In honor of Edgar Wright’s new car-chase movie Baby Driver, I’ve decided to review one of MY all time favorite car-chase films, directed by Nicholas Winding Refn entitled Drive. Initially, I was a bit apprehensive, not being as big a fan of Nicholas Winding Refn as I would like to be, but as the movie progressed, I began to love it more and more.
Drive starts off with a bang, showing us the daily occurrences surrounding our inexpressive protagonist, and all the thrill and wonder that come with a job as perilous as his. We get to see the character in his element, we are showered with a certain sense of security that this character is competent and experienced enough to not get into trouble. Sure enough the fantastic opener does just that, and reminds us Nicholas Winding Refn doesn’t just direct solely with fancy color schemes and minimal dialogue, but also hair-raising action.
One of the best things about the movie is the characterization.
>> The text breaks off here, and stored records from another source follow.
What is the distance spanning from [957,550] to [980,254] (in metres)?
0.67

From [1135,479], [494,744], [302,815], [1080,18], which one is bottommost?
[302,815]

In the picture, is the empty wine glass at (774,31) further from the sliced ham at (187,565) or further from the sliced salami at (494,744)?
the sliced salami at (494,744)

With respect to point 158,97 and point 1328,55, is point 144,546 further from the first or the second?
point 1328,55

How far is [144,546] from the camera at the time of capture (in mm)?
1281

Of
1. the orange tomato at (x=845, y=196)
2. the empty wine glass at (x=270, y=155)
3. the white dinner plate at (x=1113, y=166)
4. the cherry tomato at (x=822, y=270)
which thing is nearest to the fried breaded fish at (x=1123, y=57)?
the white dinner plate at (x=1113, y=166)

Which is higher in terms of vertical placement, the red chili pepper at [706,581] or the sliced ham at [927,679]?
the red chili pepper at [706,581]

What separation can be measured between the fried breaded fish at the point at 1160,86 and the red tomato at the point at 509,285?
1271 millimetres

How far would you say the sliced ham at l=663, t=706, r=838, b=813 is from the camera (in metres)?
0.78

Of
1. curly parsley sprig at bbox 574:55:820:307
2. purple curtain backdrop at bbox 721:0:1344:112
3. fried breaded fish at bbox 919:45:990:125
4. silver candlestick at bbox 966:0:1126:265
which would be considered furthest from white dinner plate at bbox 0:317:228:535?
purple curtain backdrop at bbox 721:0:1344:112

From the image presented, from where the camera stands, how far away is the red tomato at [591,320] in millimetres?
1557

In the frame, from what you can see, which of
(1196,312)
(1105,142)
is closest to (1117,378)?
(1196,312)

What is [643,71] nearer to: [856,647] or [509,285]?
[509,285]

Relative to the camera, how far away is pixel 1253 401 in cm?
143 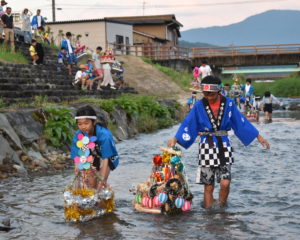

It should be noted that the protagonist’s name is NEVER mentioned throughout the entire run-time of the film, yet he still seems to capture the audience’s heart with his perennially innocuous facial expression, his calming tone of voice, and the sheer purity of his ways. The female main character Irene, goes through quite a bit in this film, and Carey Mulligan ably captures all the emotions the character would be feeling in the situations she was presented with. The low quality of life of the characters in the film really highlights the gritty, and grimy aspects of it, while adding depth to the characters in the process. The “villains” in this film all have justified motivations, they aren’t just pure evil. This helps and detracts from the story at the same time because, once we see our protagonist blur the lines between good and evil, we’re not too sure if what he’s doing is more “morally correct” than the perceived villains. This adds the thrilling element of ambiguity and uncertainty, which grounds the film in reality, but can ultimately make the narrative less comprehensive and complete.
The car chase sequences in this film are absolutely gorgeous, and coupled with the nightmarish aesthetic of Nicholas Winding Refn’s patented ultra-violent style, it makes for an experience very unique to the silver screen. The ultra-violence works well for the film, although it DOES work better for a later film of his entitled Only God forgives; however, the redemption elements of this story give the violence purpose, and the audience can understand the usage of it more easily than in Only God Forgives. The high-speed chases take you into the shotgun seat, as Ryan Gosling maintains his collected facial expression, and maneuvers his way around the city with ease. They’re heart-pumping, awe-inspiring, and supremely creative as well.
Drive combines poetry-esque characterization with a redemptive plot to show a few days in the life of a person we hardly see portrayed on screen. Nicholas Winding Refn’s astute vision, along with powerful performances from the entire cast make this neo-noir a slam dunk in my books, and I’m excited to see if Baby Driver can top or even match this film.